De stelling luidt dan ook: De drempel om te studeren voor mensen zonder startkwalificatie moet worden verlaagd.
Stelling 3
Een veilige samenleving is een sociale samenleving. De overheid moet borg staan voor een samenleving waarin burgers zich veilig voelen in de huiselijke sfeer, op straten en in wijken. Kwetsbare groepen moeten op de overheid kunnen rekenen. Acht partijen in de Haagse gemeenteraad hebben samen het Roze Stembusakkoord gesloten. In het akkoord spreken de partijen af zich in te zetten voor meer voorlichting op scholen, een betere registratie van geweld tegen LHBTQIA+’ers, speciale aandacht voor vluchtelingen en meer ontmoetingsplekken voor jongeren die vanuit hun culturele of religieuze achtergrond extra steun verdienen om zichzelf te kunnen zijn.
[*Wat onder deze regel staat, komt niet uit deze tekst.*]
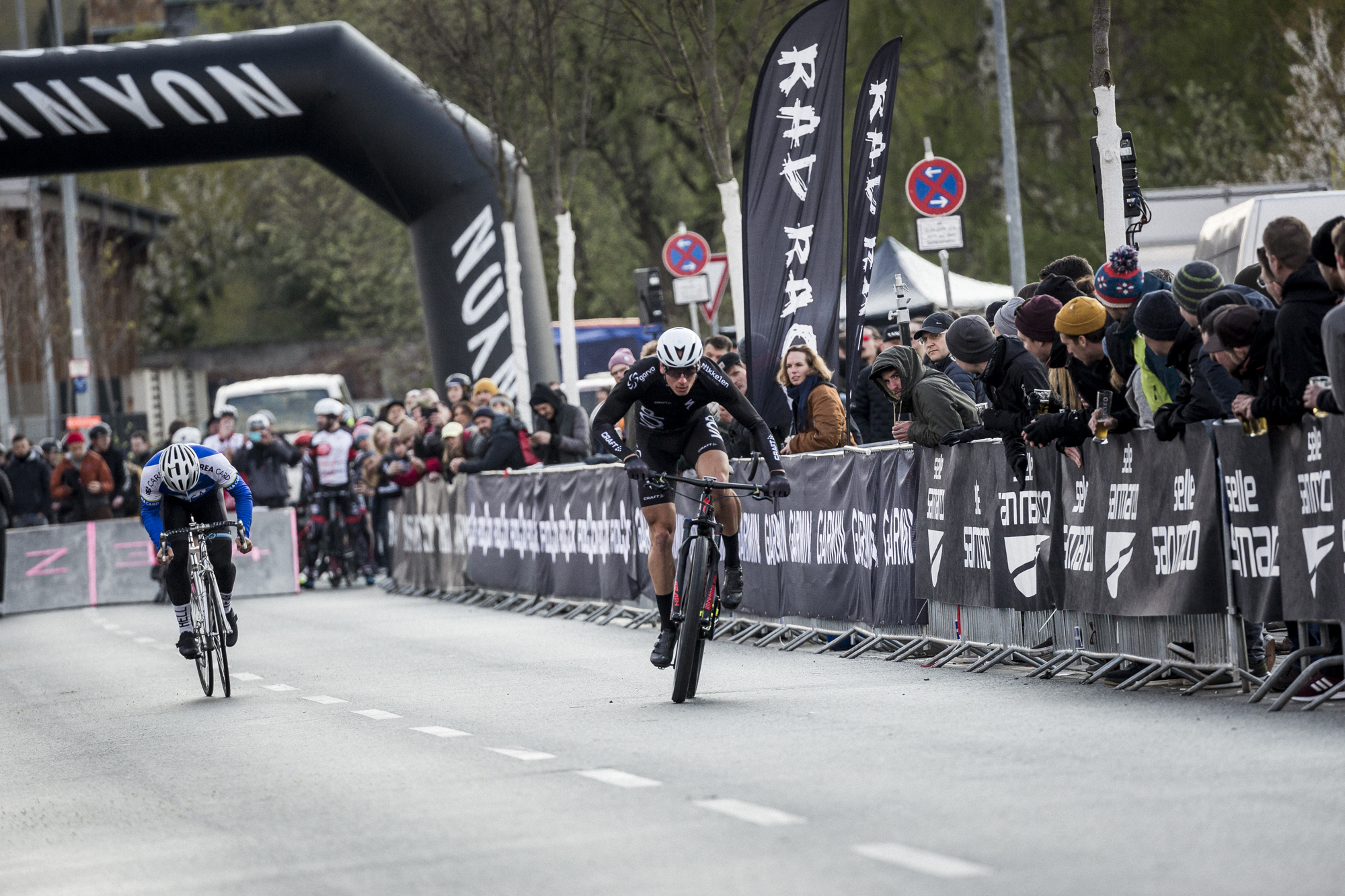 RadRace_Canyon_battle_2019_Arturs_Pavlovs (97 of 188).jpg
De stelling luidt dan ook: Het is een gemeentelijke verantwoordelijkheid om inburgeraars mee te nemen in onze waarden omtrent seksuele vrijheid.
Stelling 4
Kinderopvang moet toegankelijk, betaalbaar en kwalitatief goed zijn. Voor de economische zelfstandigheid van vrouwen en de ontwikkeling van kinderen is kwalitatief goede kinderopvang van groot belang. Keuzevrijheid voor ouders staat hierbij voorop. Keuzevrijheid om werk en kinderen naar eigen inzicht te kunnen combineren. Echter, niet voor iedere doelgroep is dit betaalbaar.
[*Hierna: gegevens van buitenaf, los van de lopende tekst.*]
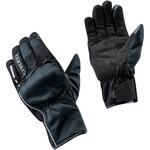 YL7001 CYBERTEXレイングローブ ワイズギア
De stelling luidt dan ook: Een dure kinderopvang zorgt voor ongelijke posities tussen verschillende groepen vrouwen.
Stelling 5
Diversiteit op de werkvloer maakt het voor werkgevers uit de publieke en private sector mogelijk om optimaal in te spelen op verschillende klantengroepen en vernieuwingen door te voeren. Hoe kunnen we voorkomen dat gecreëerde banen van de gemeente relatief meer bij mannen dan bij vrouwen terecht komen? Hoe kunnen we voorkomen dat traditionele ideeën de overhand krijgen, in de zin van ‘uiteindelijk is het voor mannen als kostwinners belangrijker om betaald werk te hebben dan voor vrouwen’. Hoe zorgen we er voor dat de inspanningen van de Werkbedrijven er op gericht zijn om naar verhouding evenveel mannen als vrouwen te bereiken?
De stelling luidt dan ook:
De gemeente moet werken met quota in haar personeelsbeleid.